LEDs schaden womöglich van Gogh-Gemälden
Warnung vor Nachdunkeln der gelben Farbe in vielen der Meisterwerke.
Ein international besetztes Forscherteam hat mit Hilfe von Röntgenexperimenten herausgefunden, warum einige helle Gelbtöne in Vincent van Goghs Gemälden mit der Zeit braun geworden sind, während das bei anderen nicht der Fall war. Die Forscher beschäftigten sich mit dem von van Gogh bevorzugten Chromgelb, das er zum Malen von Sonnenschein und Licht verwendete.

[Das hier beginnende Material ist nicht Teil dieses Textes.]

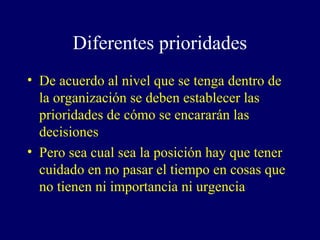 Diferentes prioridades
• De acuerdo al nivel que se tenga dentro de
  la organización se deben establecer las
  prioridades de cómo se encararán las
  decisiones
• Pero sea cual sea la posición hay que tener
  cuidado en no pasar el tiempo en cosas que
  no tienen ni importancia ni urgencia
 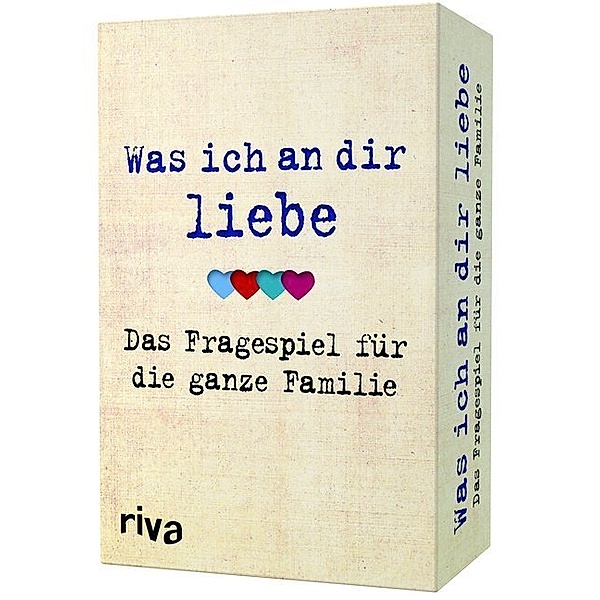 riva Verlag, Riva Was ich an dir liebe - Das Fragespiel für die ganze Familie, Was ich an dir liebe - Das Fragespiel für die ganze Familie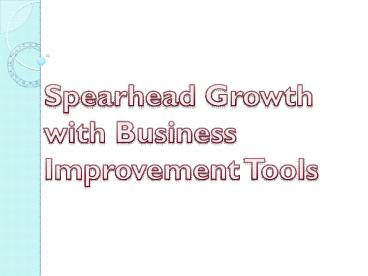 Spearhead Growth with Business Improvement Tools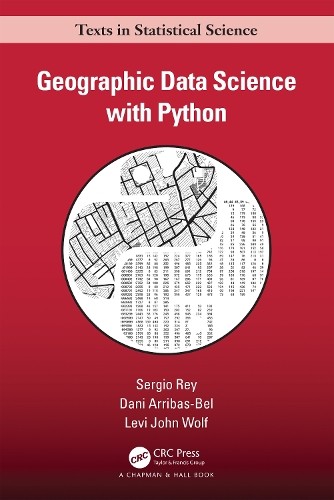 Geographic Data Science with Python by Sergio Rey, Dani Arrib... - 9781032445953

Abb.: Van-Gogh-Gemälde „Ufer der Seine“ (1887): Unter anderem winzige von diesem Bild entnommene Proben brachten die Forscher auf die Spur des Nachdunkelns. (Bild: DESY)
Bei ihren Experimenten, die unter anderem bei DESY durchgeführt wurden, stellten sie fest, dass eine bestimmte Art Gelb besonders durch Einwirkung von grünem und blauem Licht nachdunkelte. Die Wissenschaftler empfehlen den Museen, alle Bilder mit diesem Gelb zu ermitteln und sie vor der in Museen immer häufiger verwendeten LED-Beleuchtung zu schützen, da diese viel blaues Licht enthält.
Die Forschergruppe aus Italien, Belgien, den Niederlanden, Frankreich und Deutschland hat entdeckt, dass insbesondere die hellen Gelbtöne in van Goghs Gemälden für das Nachdunkeln anfällig sind. Eine chemische Reduktion von Chrom, Hauptbestandteil der Farbpigmente, ist dafür verantwortlich. Die Forscher konnten sich jedoch die Ursache für die Reduktionsreaktion und den unterschiedlichen Grad des Nachdunkelns bei den einzelnen Gemälden nicht erklären.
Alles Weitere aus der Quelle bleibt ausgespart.